Safer Browsing technologies
Again there is so much IE hardening going on it would take a long time to explain but we've got:
1. Built-in pop-up blocker.
2. New per-zone security settings pertaining to binary behaviors / java / activeX
3. New local machine zone hardening (local machine zone is the most trusted zone and the target of most IE exploits)
4. New add-on management (new UI that allows you to control what runs inside of IE, i.e. browser helper objects, browser extensions, activeX controls etc.). There was no central UI for this before (other than the registry) but there is now.
Safer e-mail technology
1. Outlook Express now defaults to reading all e-mail in plain-text so HTML email is not rendered.
2. Even if you decide to render the email as HTML it won't run any external HTML content by default (user has to click again if they want to do that) (this prevents web bugs etc.)
New Security Center
So the new security center is an applet in control panel that allows you to configure the 'big 3' settings (Firewall, Automatic Updates and Antivirus) and it yells at you via negative feedback (balloon pop-ups) if you don't have all 3 of these configured appropriately.

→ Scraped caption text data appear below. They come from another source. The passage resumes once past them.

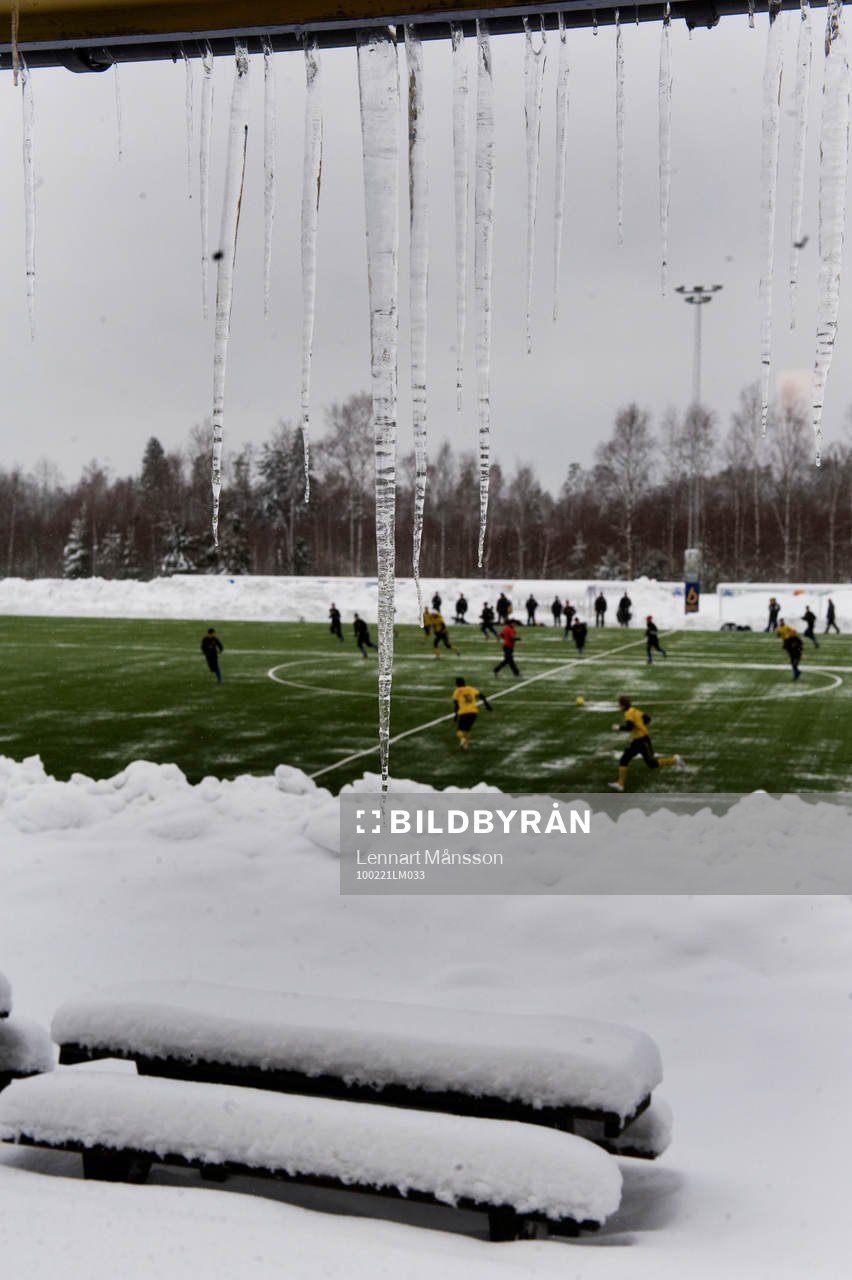 Istappar, snödrivor - och fotboll
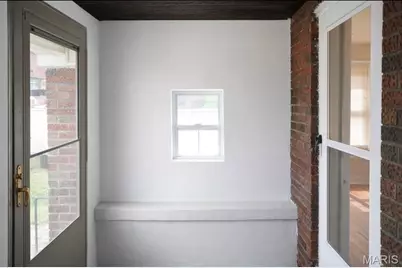 3207 Elsworth Pl Place, Bel-Ridge, MO 63121 - Photo 2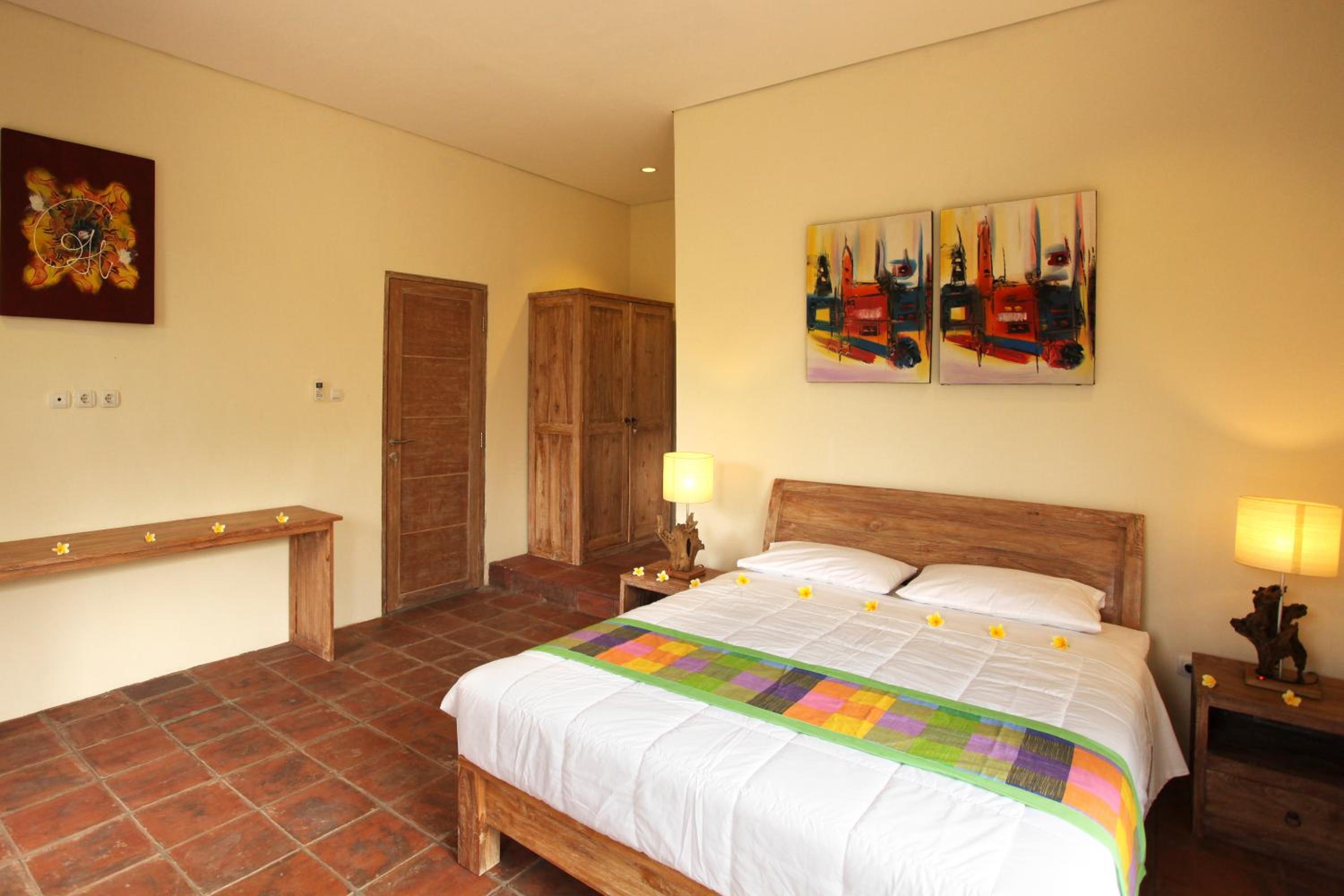 Double Room with Balcony - Photo 8
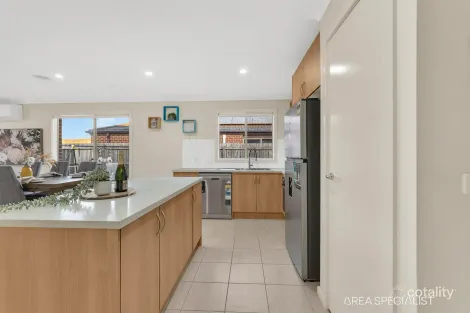 Property photo of 47 Melissa Way Pakenham VIC 3810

It integrates these 3 settings into one central UI and makes it vastly easier for mom's and pops to get secure and stay secure.
New Automatic Update client
The new AU client is vastly improved as well; you can select which updates you want to install and which ones you don't, as well as having improved UI that allows for better descriptions of what each update is that was downloaded. In addition if the user chooses not to install the updates, when they go to shutdown the machine, the new default is that they will be installed prior to shutdown (user can opt-out).

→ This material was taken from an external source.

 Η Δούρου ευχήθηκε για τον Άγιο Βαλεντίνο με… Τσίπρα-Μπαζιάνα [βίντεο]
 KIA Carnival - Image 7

I could go on and on - the net net is that everyone running Windows XP SP2 should seriously consider installing this release candidate; I'm installing it on all of my machines and my relatives machines.

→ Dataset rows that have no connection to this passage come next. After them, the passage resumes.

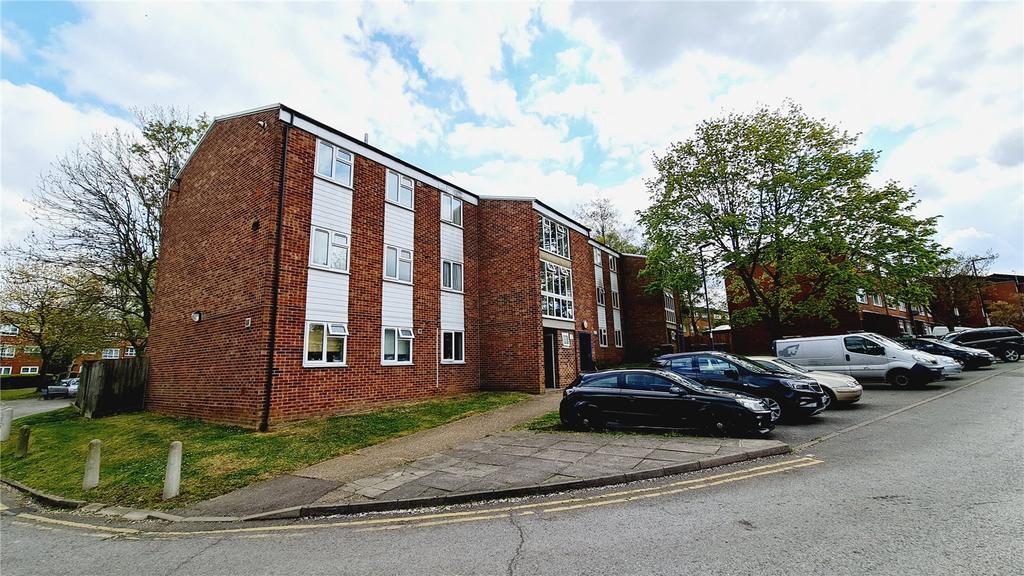 Hawkins Close, Harrow, HA1 2 bed apartment £330,000
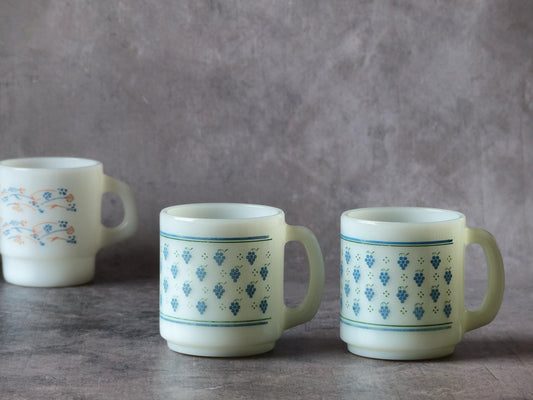 Duo de tasses vintage empilables, motif BLUE GRAPE, TERMOCRISA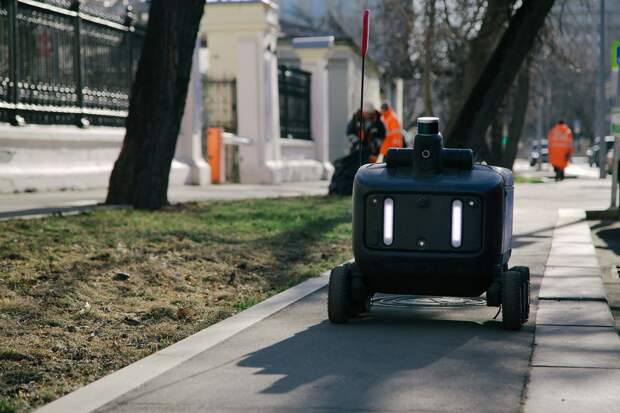 В Москве ГАИ хотела оштрафовать робота-курьера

When you port-scan an SP2 box with the firewall disabled it only listens on 3 TCP ports now (135, 139, 445) and 2 UDP ports (123, 137) due to a lot of the old / legacy services (like messenger / alerter) and other services (universal plug and play) being set to manual / disabled by default now.
This is a significantly reduced attack surface and gets us a bit closer to where some think we should be (0 ports listening by default). We're not there yet but we're getting there and this is a lot better than SP1.
Also remember that 135 (the RPC EPM) now requires AuthN before accepting packets with payload so even though it's exposed it has been hardened significantly.
Also I verified that the new initial OOBE only asks you to enable the automatic update client, even if you take the red pill (choose 'no') the box is still firewalled when you login for the first time after installing the service pack (even if the box was NOT firewalled before the upgrade).
linked - info and download (http://www.microsoft.com/SP2Preview)
here is a commentary from an MS employee:
This is not simply a service pack - this is a new product.
There is so much security hardening that has gone into Windows XP SP2 (via the myriad 'springboard technologies' you may have heard about) that I can (and have) spent hours talking about it.
We will probably have a 150+ page whitepaper available for download on that same web site which goes into detail about these security hardening improvements but I'll summarize them briefly:
Network protection technologies
1. DCOM hardening - anonymous DCOM is no longer allowed (this would have mitigated MS03-026 a.k.a. 'Blaster')
2. RPC hardening - anonymous RPC is no longer allowed (this would have mitigated it as well I believe).
These two things are going to break apps - but at the sake of much improved / needed security. Start testing NOW.
3. Windows Firewall (the artist formerly known as ICF). This new fireall has so many improvements I could talk about it for 20 minutes straight. It is more intelligent, can be deployed more intelligently through group policy, when applications start that bind to a port it can prompt the user whether they want to allow this behavior or continue blocking it, etc.
Memory protection technologies
1. Large portions of critical OS infrastructure have been compiled with the /GS switch (our stack smashing protection that raises the bar on shellcode authors). There has been a whitepaper written on how to circumvent this in some cases so this is not completely foolproof.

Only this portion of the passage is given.